• Data excerpts:
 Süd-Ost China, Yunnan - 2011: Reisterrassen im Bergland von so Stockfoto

---

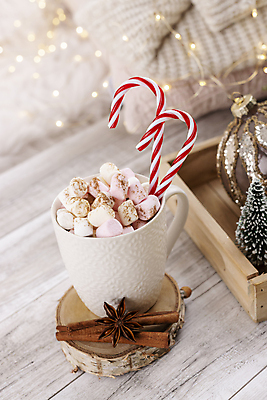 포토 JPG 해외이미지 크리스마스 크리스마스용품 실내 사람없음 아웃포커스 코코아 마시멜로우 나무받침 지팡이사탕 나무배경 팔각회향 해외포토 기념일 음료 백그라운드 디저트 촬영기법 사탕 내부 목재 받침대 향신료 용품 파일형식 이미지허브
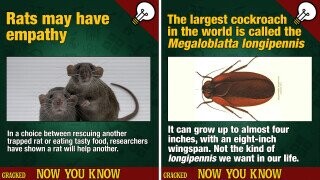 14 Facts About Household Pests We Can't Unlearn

• Action item: Set down again, exactly, every line above from the one with "포토 JPG 해외이미지" down to the one with "14 Facts About", both ends included. No pictures, and nothing else.

• Written response:
 포토 JPG 해외이미지 크리스마스 크리스마스용품 실내 사람없음 아웃포커스 코코아 마시멜로우 나무받침 지팡이사탕 나무배경 팔각회향 해외포토 기념일 음료 백그라운드 디저트 촬영기법 사탕 내부 목재 받침대 향신료 용품 파일형식 이미지허브
 14 Facts About Household Pests We Can't Unlearn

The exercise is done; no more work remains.